Age and Horses and Me

Editor’s Note: Best Horse Practices Summit presenter Katrin Silva grew up riding dressage in Germany before moving to the United States at age 19 to learn to ride Western. She’s been riding both disciplines for the last 20 years and is a regular guest columnist for Cayuse Communications. The author of Dressage for All of Us: How to Help Any Horse Become a Happier, More Responsive Riding Partner lives in New Mexico where she works with dressage and Western clients.

Katrin’s upcoming book is Feel for All of Us, due in early 2022. Read more about that here.

Visit her blog here.

Katrin Silva at the 2019 Summit. Photo by Nina Fuller

Katrin writes:

I have preferred not to think about old age. But not wanting to think about it doesn’t stop the process. Evidence is everywhere:

  • Recovering from a long run takes longer now than it used to.
  • Mounting blocks look more inviting and more reasonable every year.
  • The face looking at me from the mirror has wrinkles.

My friend Julie, whose 80th birthday is right around the corner, rolls her eyes when I complain to her about getting older. “It beats the alternative!” she keeps telling me. I have to agree. I’ll choose old age over an early grave any day. I am also discovering that not age-related changes are bad.
At 51, I feel deeply grateful to be alive and healthy. I know horses are large and potentially dangerous without even meaning to be. I know if you get on lots of horses, you will come off a few. I have hit the dirt plenty of times, but only now realize how lucky I’ve been in avoiding serious injury. In 30-plus years of starting colts and re-starting colts started badly by others, I’ve never broken any important bones or spent a night at a hospital. I could say that’s because I’m very good at riding green horses, but who am I kidding? It takes only a split-second of bad judgment to cause a wreck. I’ve been lucky.

Being more aware of mortality, I’ve become more cautious. I still do what I love: ride horses all day. But with every passing year, I do more things I’d roll my eyes at when I was younger. Lungeing a frisky horse before I get on now seems sensible instead of chicken-hearted. So does stepping back from some things I used to do; until a few years ago, starting young horses and re-starting troubled horses was my superpower. I’d be happy to get on horses who bolted, bucked, or reared.When I turned 50, my mind shifted. I turned down a horse brought to me for 30 to 60 days, “just to get the bucks out.” I started thinking about potential consequences of saying yes:

  • Would this short-term project be worth the risk I took?
  • Would it be fair to all my long-term clients to take that risk?

I remain a confident rider, but I now stop and think before agreeing to take on new projects. Caution means I factor my desire to live and ride for as long as I can into my daily decisions. Not a bad idea at any age.

I’ve also found there is some truth about age and wisdom. Thanks to riding so many different horses for so many years, I have a huge vault of experience. While I keep learning, I also revisit lessons I’ve learned years ago, from horses similar to ones I work with today. I fine-tune my approach by repeating what worked in the past and changing what did not work so well. The puzzle of good horsemanship is beginning to look more like a picture and less like a confusing patchwork quilt riddled with holes.

Another upside of getting older is that I worry less about what other people think. I feel much more clarity about the why and how of my work. I don’t do it to impress anyone. I do it for the horses, their long-term soundness, their physical and mental well-being.

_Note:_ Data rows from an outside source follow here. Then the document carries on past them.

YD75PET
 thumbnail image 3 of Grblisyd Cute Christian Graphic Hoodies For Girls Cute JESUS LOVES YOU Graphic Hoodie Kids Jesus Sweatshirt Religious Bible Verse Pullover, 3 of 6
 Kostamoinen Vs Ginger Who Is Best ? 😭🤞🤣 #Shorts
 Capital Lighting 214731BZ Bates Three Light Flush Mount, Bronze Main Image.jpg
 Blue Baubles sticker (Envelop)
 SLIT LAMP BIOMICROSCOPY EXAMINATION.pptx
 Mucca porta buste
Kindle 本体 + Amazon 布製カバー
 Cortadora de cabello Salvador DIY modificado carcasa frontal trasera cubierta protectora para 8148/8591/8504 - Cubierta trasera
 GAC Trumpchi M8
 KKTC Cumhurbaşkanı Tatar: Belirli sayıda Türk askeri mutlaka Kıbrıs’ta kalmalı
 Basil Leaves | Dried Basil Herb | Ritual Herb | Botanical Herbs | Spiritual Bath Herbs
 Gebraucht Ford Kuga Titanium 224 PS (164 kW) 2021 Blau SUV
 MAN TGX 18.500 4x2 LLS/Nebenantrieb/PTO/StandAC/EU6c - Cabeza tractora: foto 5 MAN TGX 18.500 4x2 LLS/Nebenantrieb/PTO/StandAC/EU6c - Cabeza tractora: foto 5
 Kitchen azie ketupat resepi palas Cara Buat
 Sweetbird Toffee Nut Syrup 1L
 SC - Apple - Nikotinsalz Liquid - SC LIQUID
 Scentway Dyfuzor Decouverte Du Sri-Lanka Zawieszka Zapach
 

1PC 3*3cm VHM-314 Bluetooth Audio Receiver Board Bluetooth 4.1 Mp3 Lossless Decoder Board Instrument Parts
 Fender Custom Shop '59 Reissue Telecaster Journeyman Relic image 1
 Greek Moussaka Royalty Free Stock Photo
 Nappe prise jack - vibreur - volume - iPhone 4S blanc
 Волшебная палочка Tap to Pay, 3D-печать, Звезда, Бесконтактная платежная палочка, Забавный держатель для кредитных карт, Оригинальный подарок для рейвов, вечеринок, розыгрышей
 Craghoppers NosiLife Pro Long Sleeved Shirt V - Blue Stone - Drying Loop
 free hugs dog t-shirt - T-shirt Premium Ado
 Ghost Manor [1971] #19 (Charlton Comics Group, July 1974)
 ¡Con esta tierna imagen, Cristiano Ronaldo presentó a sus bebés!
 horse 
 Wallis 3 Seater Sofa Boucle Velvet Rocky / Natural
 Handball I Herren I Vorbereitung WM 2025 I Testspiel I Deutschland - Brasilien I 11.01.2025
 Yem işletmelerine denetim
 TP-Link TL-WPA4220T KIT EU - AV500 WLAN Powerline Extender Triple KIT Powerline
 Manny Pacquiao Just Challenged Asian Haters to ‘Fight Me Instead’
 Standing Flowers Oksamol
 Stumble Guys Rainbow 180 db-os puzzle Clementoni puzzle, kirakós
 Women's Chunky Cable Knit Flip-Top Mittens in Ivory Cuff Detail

Over time, I’ve become more adamant about avoiding training band-aids and shortcuts. I haven’t ridden with draw reins or twisted-wire snaffles since my early twenties. Regarding methods and equipment: if it’s not fair to the horse, I won’t go there. Fortunately, my clients’ goals are to build solid partnerships with their horses, instead of finding quick fixes.

I hope to learn, teach, and ride at least for another 30 years. I know my body will become weaker and my bones more brittle. But even so, as Julie keeps reminding me, old age beats the alternative. And I have something to look forward to: the next level of horsemanship, rooted in even more years of experience and freed from the shackles of external validation and the need to please others. Sounds like a pretty sweet deal.

Posted in BestHorsePractices Summit, Cayuse Collaborative Clinics, Horsemen & Women, Not Too Old to Learn, Reflections.


  1. yes yes. I am now 66 and more careful everyday! but i teach high-risk kids, and horses are my therapy, so will not be giving it up. i do lots and lots of groundwork before every ride and never go w o my helmt. i also purchased a very quiet QH and started him w Clinton Anderson groundwork. result–quiet, calm, sane.